Nina should’ve realized that sooner. Honesty. Partnership. The two things Caro valued most had come crashing down around her. “You can stay at my dad’s place if you want,” Nina offered. “It’s empty.”

“Thank you,” Caro answered. “I’d prefer that. Fewer questions.” She shook her head. “When you’ve been married to someone for nearly forty years, you think you know him. I guess that’s not always true.”

Bikers and joggers were whizzing by, women with baby carriages—a couple of men pushing them, too. Nina often wondered what stories people had tucked inside them as they went about their day. No one would expect that she and Caro were having the conversation that they were. Anyone who saw them would probably assume they were mother and daughter, out for a stroll.

“While we’re talking about secrets,” Nina said, thinking about it for a split second before following her heart and asking. “Do you know what happened the day my mom died?

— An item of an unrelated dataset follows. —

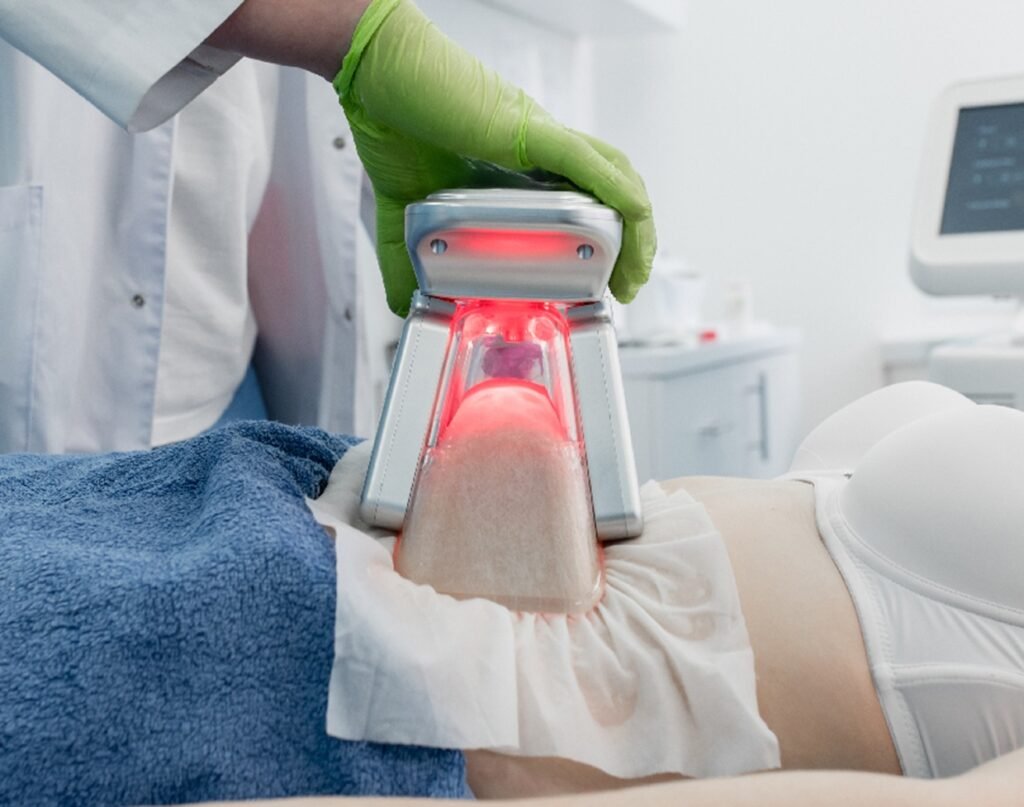 Una vecina denuncia quemaduras tras realizarse una criolipólisis, un tratamiento estético en una estética del barrio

I found a letter in the house upstate that my mom had written, talking about my father’s affair.”

Caro turned to Nina with a look of alarm on her face. “Oh, Nina. I’m so sorry you had to find that out.”

“So you knew,” Nina said.

“I did. Your father thought you’d never need to know. He felt terrible about it.”

Nina shrugged. “It’s the least of my problems at the moment.”

They walked by a playground, and the sound of children laughing floated toward them on the breeze.

“I don’t know how much you read,” Caro said, “but your father was having an affair with a British gallery owner he’d first met when he studied at Oxford. Veronica something. I can’t remember her last name. But she’d moved to New York after a divorce to open a gallery here.”

Nina could see her father being attracted to an Oxford-educated gallery owner. Like with her mother, he was interested in intelligence when it was paired with something slightly more bohemian. “Was he going to leave us for her?” Nina asked, feeling for a moment like the small child she once was.

Caro stopped walking and looked squarely at Nina. “He would never have left you, darling. Even if he and your mother divorced, he never would have left you. In spite of whatever flaws he may have had, your father loved you more than anything in his life. And from what he said to me afterward, he’d told Veronica as much when she suggested he get divorced, that they split their time between New York and London, that he build a Gregory Hotel there. He’d said no, but she stopped by with a Christmas present on her way home to England for the holidays anyway. And that changed everything.”